Für Truschel, NSDAP-Mitglied seit dem 12.5.1937, setzte sich der Bürgermeister seines Heimatortes Immensen ein: Der NSDAP stand er im Anfang ablehnend gegenüber, unterlag dann aber doch der Propaganda und glaubte nun ganz besonders der arbeitenden Bevölkerung Erleichterungen bringen zu können. Diesen Irrtum wird er selbst erkannt haben.
(Vgl.: Meyer, Adolf, Erlebtes Dorfgeschehen, Fünfzig Jahre Nachkriegsgeschichten in Immensen, Seite 85 bis 103)
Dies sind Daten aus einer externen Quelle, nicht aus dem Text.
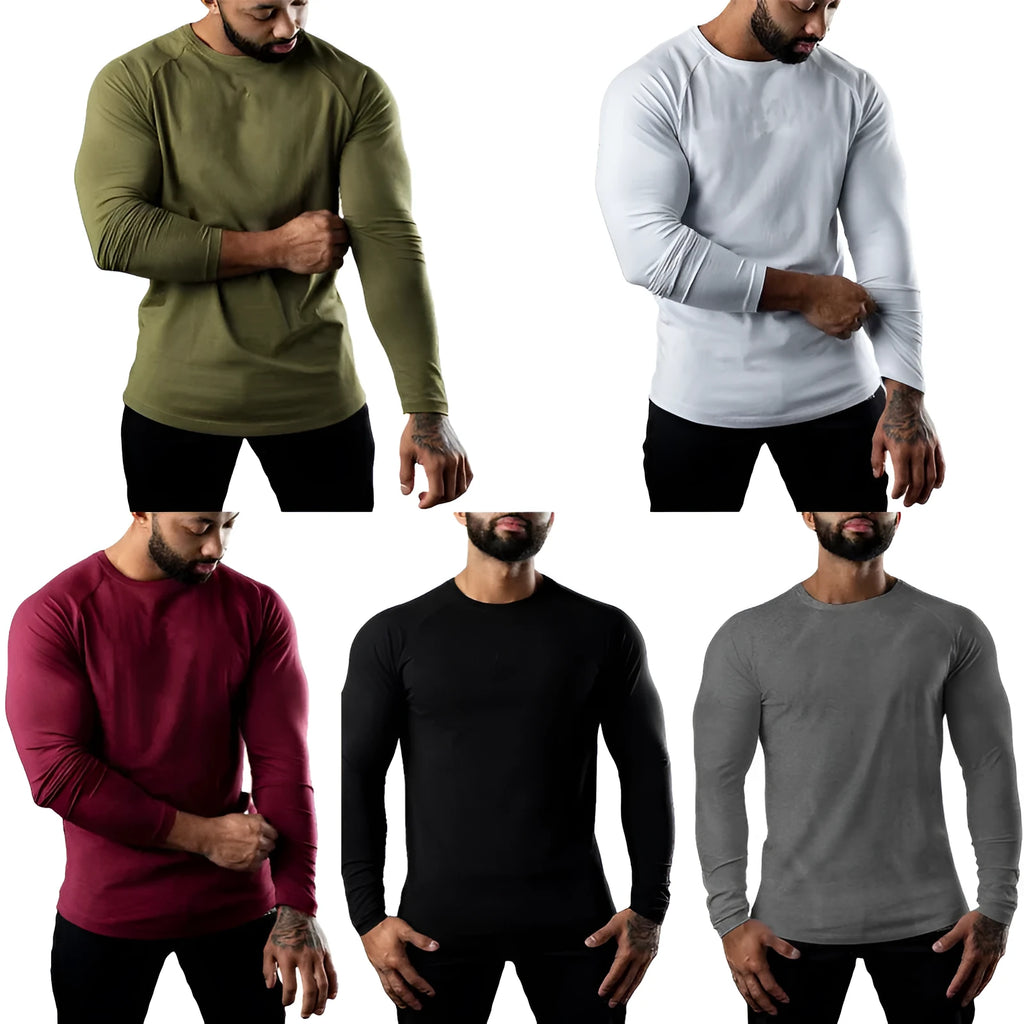 Men's long sleeve tight cotton sports t-shirt in multiple colours for exercise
Da die Anklage sich auf die völkerrechtswidrige Behandlung alliierter Staatsangehöriger beschränkte, bat ein Rechtsanwalt zur Entlastung seines Mandanten Truschel, der einen Letten auf der Flucht erschossen hatte, das Gericht um Klärung, ob Letten überhaupt alliierte Staatsangehörige waren: Ich erwähne nur kurz, daß selbstverständlich das Leben eines Letten genauso schutzwürdig wie das eines jeden anderen Menschen ist. Wenn sich jedoch herausstellen sollte, daß die Letten keine alliierten Staatsangehörige sind, würde die Tötung eines Letten nicht unter die Anklage fallen.